Mehrere Lehrer in der Waadt haben gegen Schüler Anzeigen wegen heimlich aufgenommener und im Internet verbreiteter Videos eingereicht. Für Beat W. Zemp, den Präsidenten des Schweizer Lehrerinnen- und Lehrerverbandes, ist das kein Kavaliersdelikt.
Zu einem gravierenden Fall kam es unlängst in der Gemeinde Ecublens in der Nähe von Lausanne, wo Jugendliche einen Lehrer zur Verzweiflung trieben, die Szene mit dem Handy filmten und Videos über Smartphone-Apps verbreiteten. Die Schüler wurden für drei Tage von der Schule verwiesen.
Zudem reichte der Lehrer Anzeige ein. Die Schüler müssen sich deshalb vor dem Jugendgericht verantworten. Ihnen droht eine Busse oder gemeinnützige Arbeit. Der Fall Ecublens ist in der Waadt kein isoliertes Phänomen.

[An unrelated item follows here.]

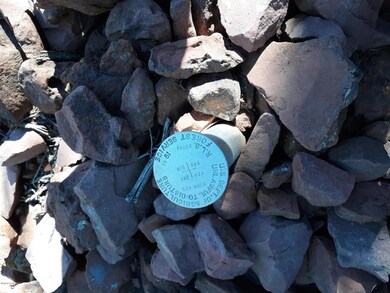 Lot 68b Juniperwood Ranch, Ash Fork, AZ 86320 - photo 4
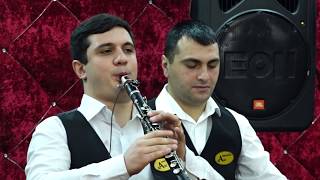 Vardges Hakobyan, Sheram, Armencho Band 2019, +374 77 22 97 71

Mehrere Anzeigen in der Waadt
Es geben mehrere Anzeigen von Lehrern im Kanton, sagte Alain Bouquet, Generaldirektor der obligatorischen Schulen in der Waadt, der Nachrichtenagentur sda. Er bestätigte einen Bericht der Zeitung «24 heures». Er habe Kenntnis von mindesten fünf Fällen.
Das Problem wurde auch am vergangenen Donnerstag an der Konferenz der Schulleiter erörtert. Der Schulleiter von Ecublens warnte nach dem Vorfall sämtlichen Eltern in einem Brief.
Der Text wurde nun auch allen anderen Waadtländer Schulleitern zur Verfügung gestellt, um ihn den Eltern zu schicken. Heimlich ein Video im Klassenzimmer aufzunehmen, verletze das Persönlichkeitsrecht, betonte Bouquet.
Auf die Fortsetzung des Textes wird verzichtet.